Mais comment penser une union nationale derrière une loi pour l'immigration ? Comment penser la suppression des clivages politiques dans une loi pour ou plutôt contre l'asile ? La droite et la véritable gauche ont-il réellement la même vision du droit d'asile pour qu'ils puissent trouver ensemble une version commune ? Dans ce genre de principe, c'est toujours l’intérêt régressif qui l'emporte, l’intérêt de la droite. Voila pourquoi l'anxiété gagne en Marche avec l'apparition des frondeurs au sein de leur propre parti. En conséquence, le gouvernement entame une propagande afin de convaincre les parlementaires les plus sceptiques.

 

Macron et ses politiques de « tous coupables »

Albert Camus écrivait « Quand nous serons tous coupables, ce sera la démocratie ». L'individualisation de la culpabilité fait par Macron n'est pas encore à son paroxysme. Déjà que les chômeurs sont responsables du chômage du fait qu'ils ne trouvent pas d'emploi, puis les sans-abris sont devenus à leur tour responsables de leur situation car ils refuseraient l'aide accordé généreusement par l’État, cette fois-ci c'est le tour des réfugiés. Pour En Marche, les violences qu'ils ont subis dans leur pays d'origine dont certaines pourraient être discutés vis-à-vis de l’implication de certaines puissances occidentales dans les conflits militaires, ne sont pas assez légitimes pour prétendre le droit à la dignité humaine et à l'aide désintéressée.

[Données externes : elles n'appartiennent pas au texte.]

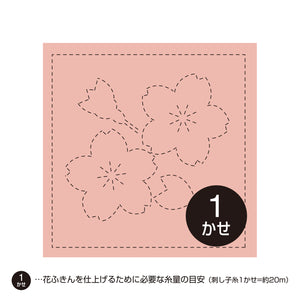 Olympus #97_#397 Big Stitch Series Hana-Fukin Sashiko Sampler - Cherry Blossom (White OR Pink)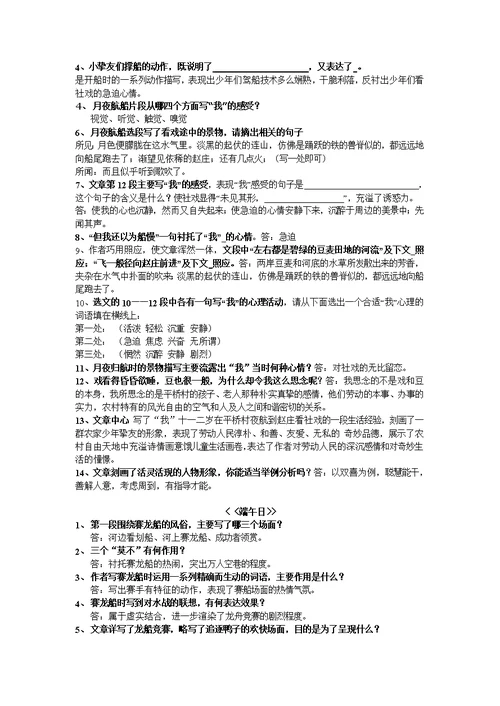 苏教版七年级语文课文重点知识整理1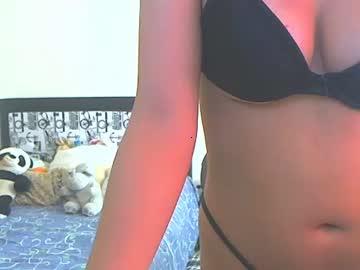 catalinaevans chaturbate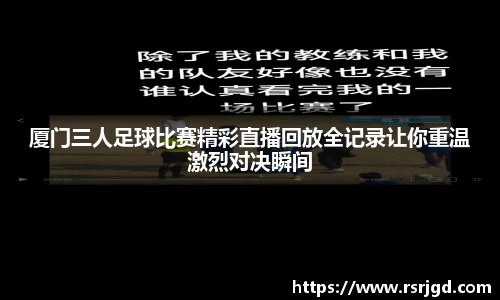厦门三人足球比赛精彩直播回放全记录让你重温激烈对决瞬间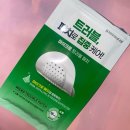 파워스팟 | 다이소 화장품 추천 파워건성 다이소 트러블 패치 스팟 마이크로 패치 내돈내산 솔직후기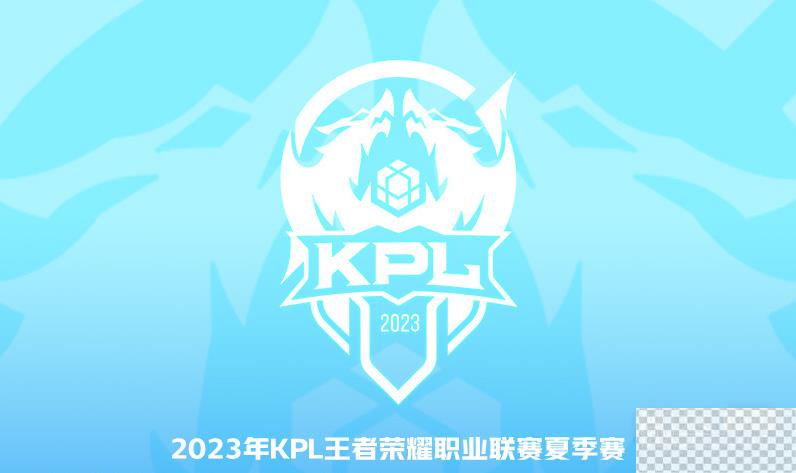 王者荣耀2023KPL夏季赛8月19日赛程详情图1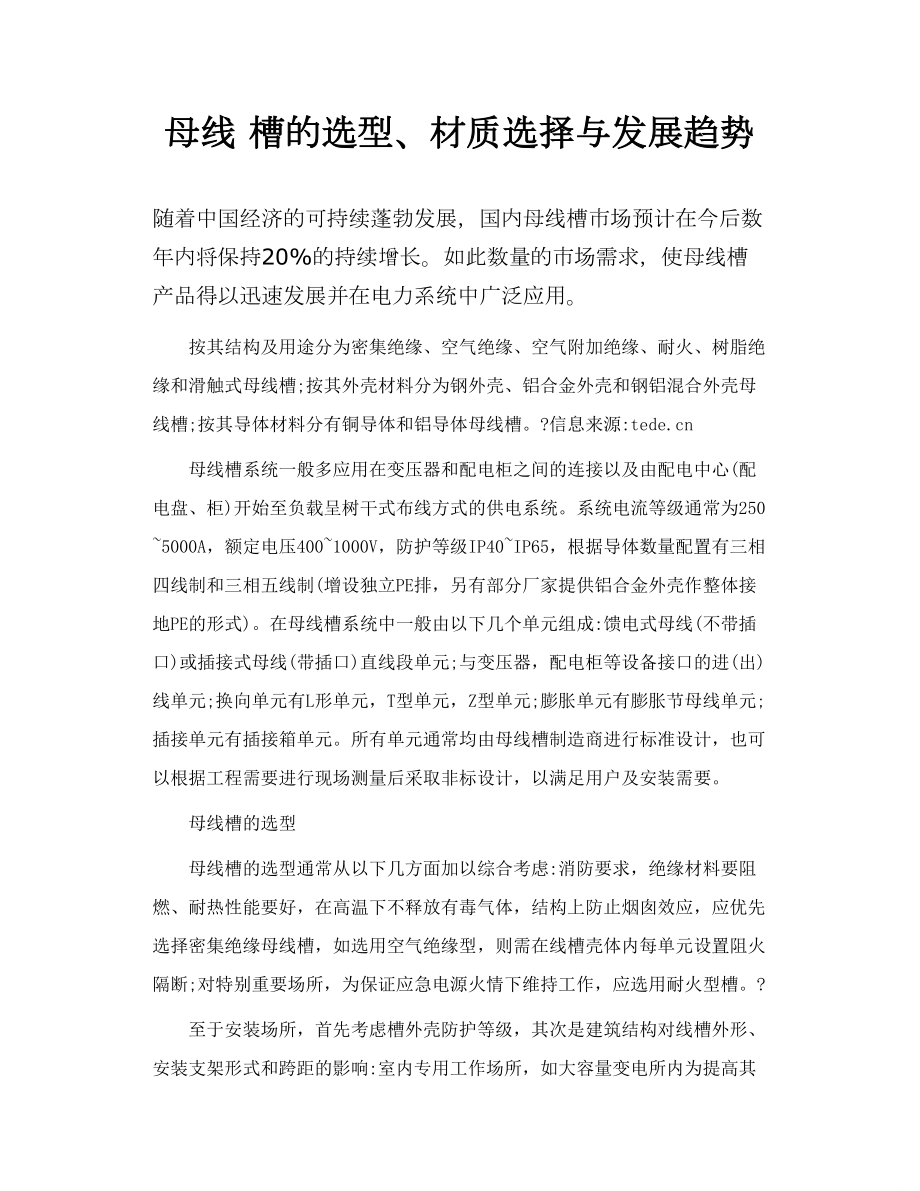 母线 槽的选型、材质选择与发展趋势.doc_第1页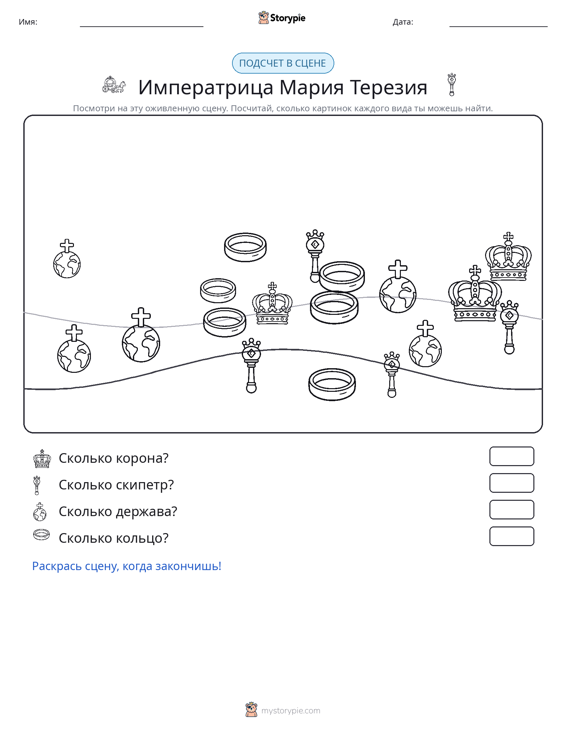 Сцена счёта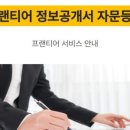 프랜티어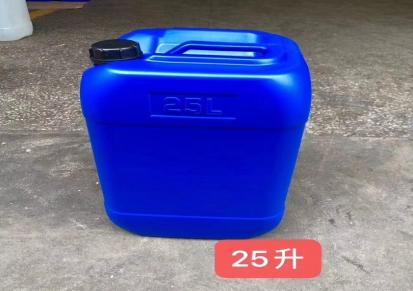 庆春源源头厂家 方形堆码桶25升化工桶耐酸碱桶全新料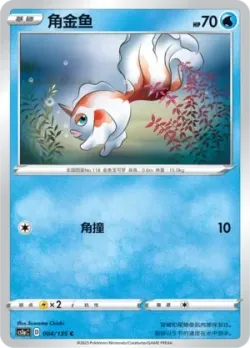 Goldeen #004/135 · Pokémon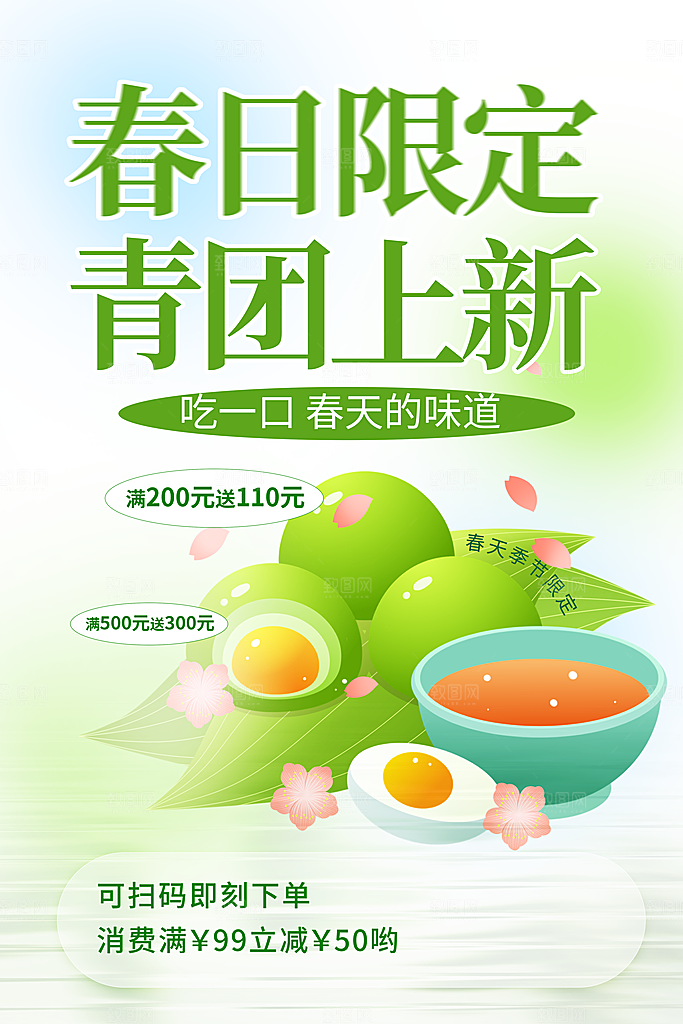 创意清明春味青团美食宣传促销折扣海报
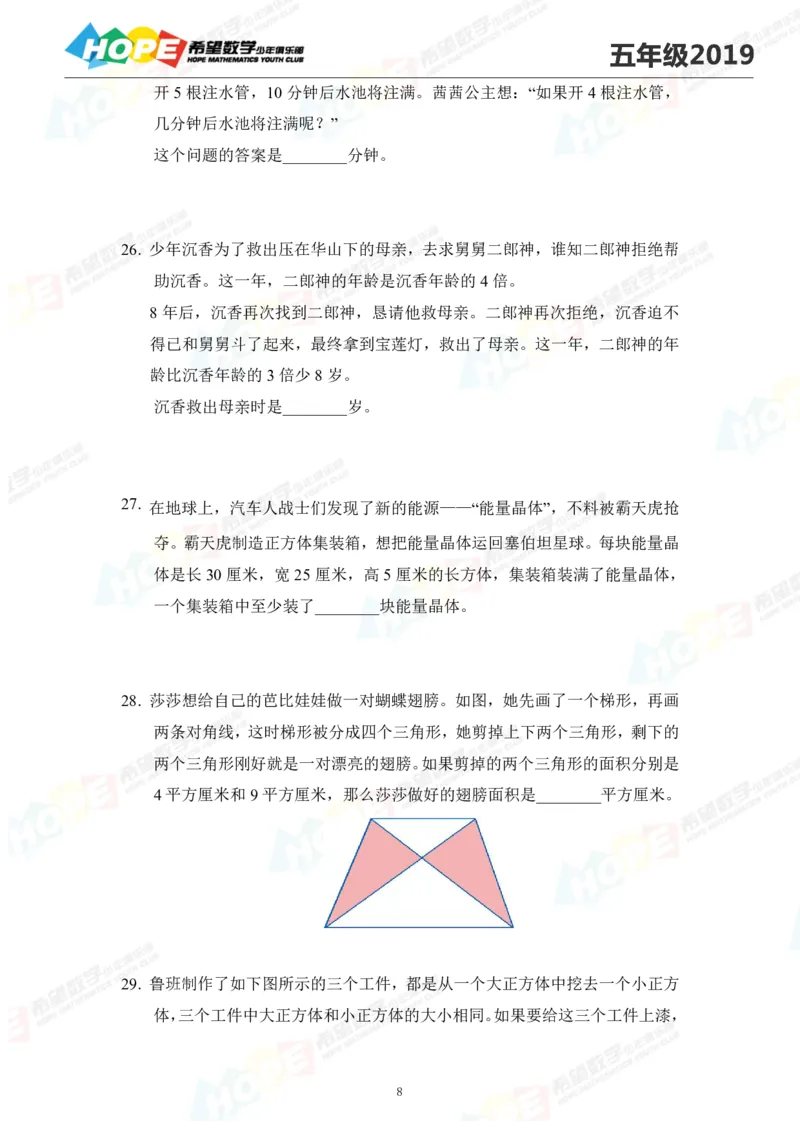 2024年5年级完整版_希望杯IHC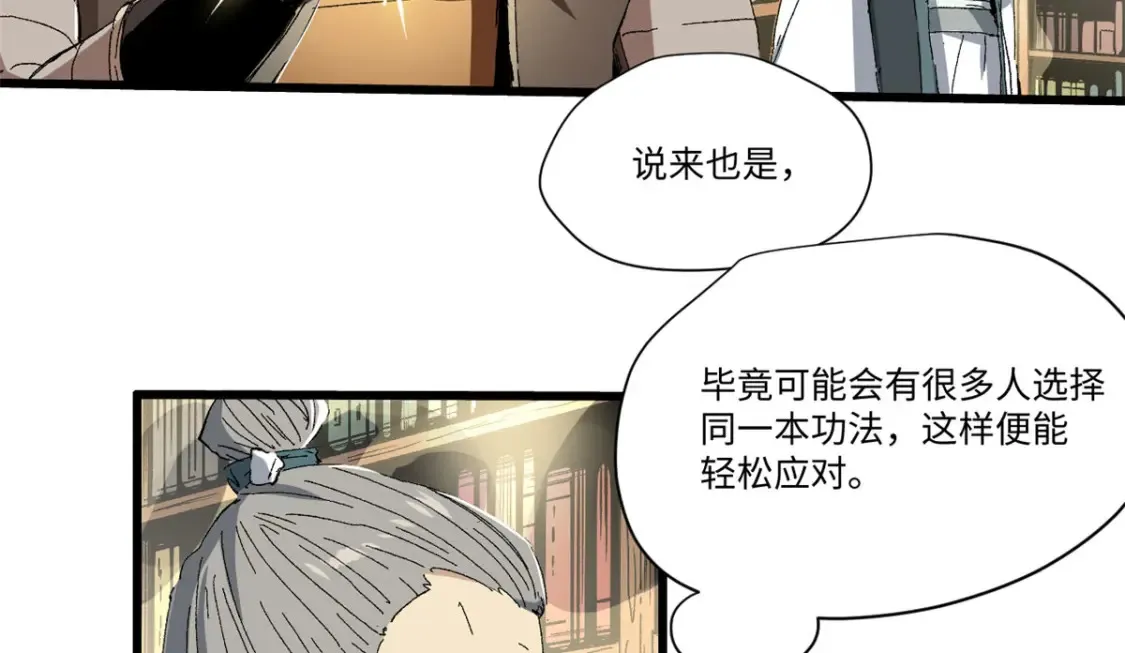 016 全民修炼28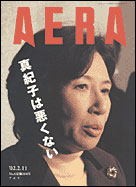 2002年2月11日号
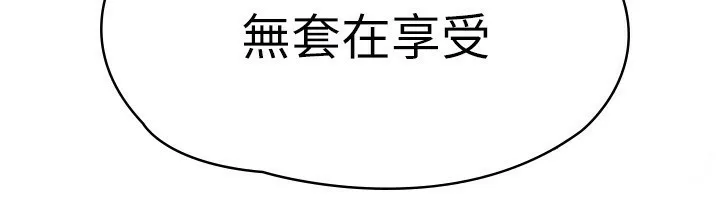 税金女友 第120页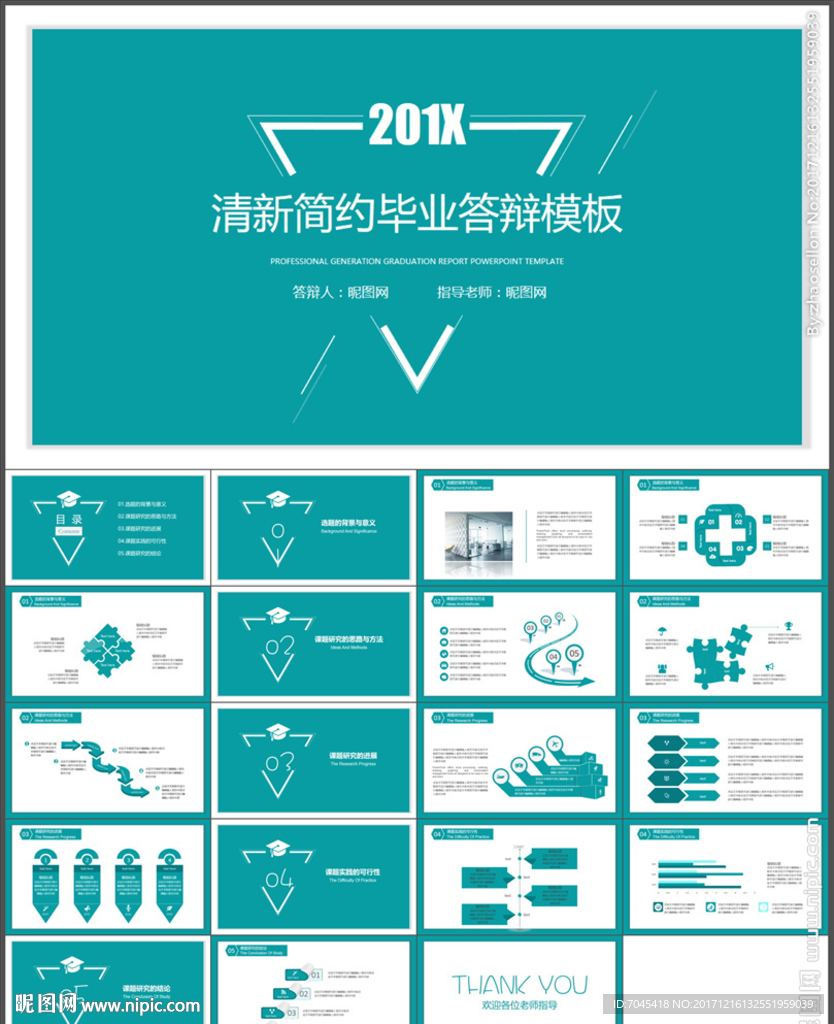 清新畢業答辯PPT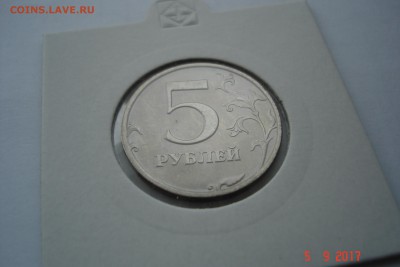 5 руб 1998г. СПМД UNC до 11.09 22-00 МСК - 2-ая - DSC08720.JPG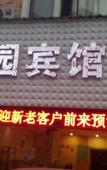 Туры в отель Tingyuan Business Hotel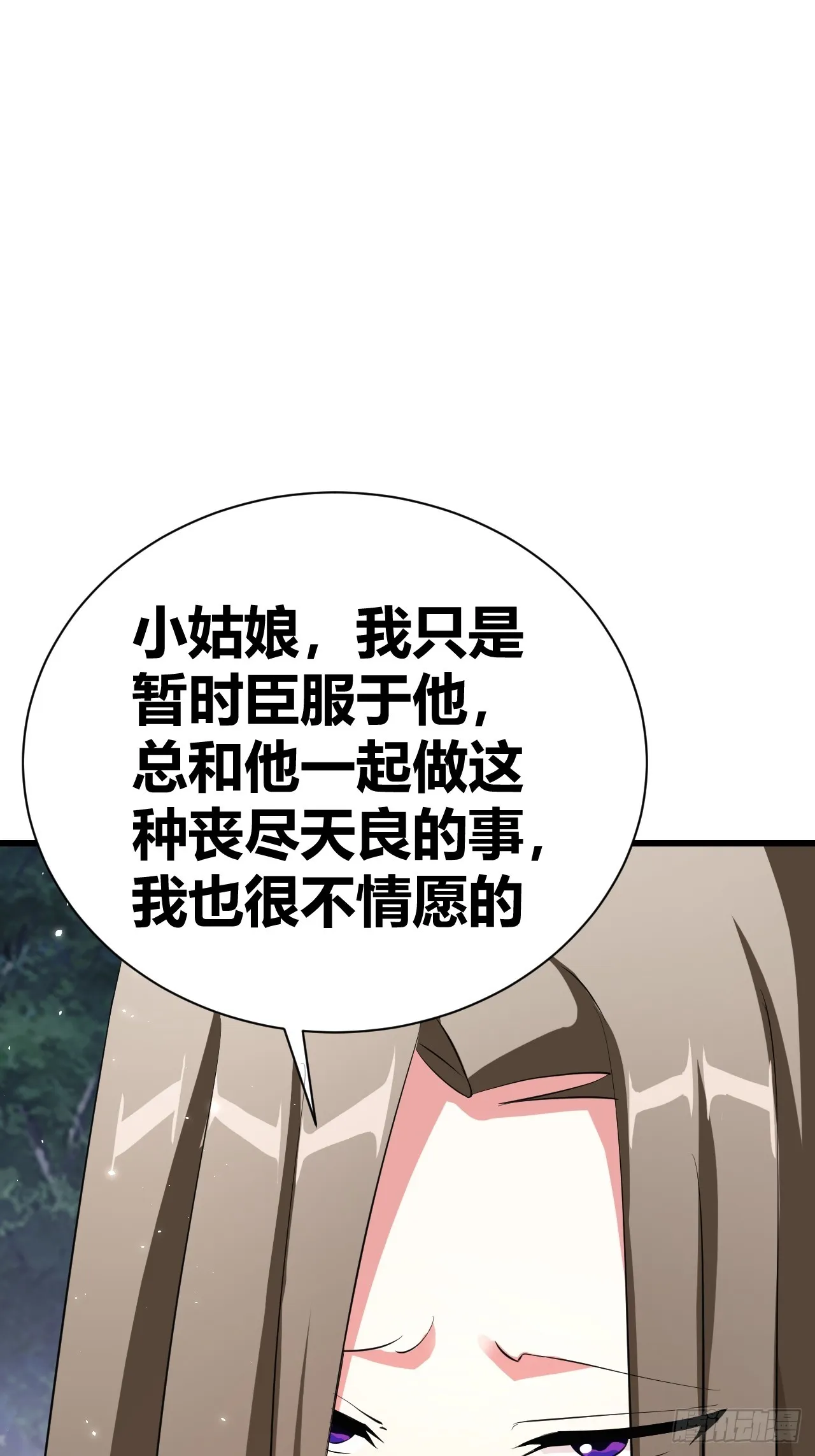 27 第38页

Entre la justice française qui condamne et criminalise les travailleurs humanitaires ; entre le gouvernement qui entame une réforme pour imposer plus de fermeté dans le droit d'asile, ainsi que la simplification des expulsions ; puis pour terminer les violences policières à Calais où les forces armées françaises (policiers et CRS) mettent une pression démesurée sur les bénévoles humanitaires, et violentent physiquement les exilés avec l'utilisation de bombes lacrymogènes sur des enfants pendant leur sommeil , la France ne serait-elle pas en train de perdre son humanité ? Le pays où a rayonné la philosophie des lumières n'est elle pas en train de s’éteindre à petit feu ? 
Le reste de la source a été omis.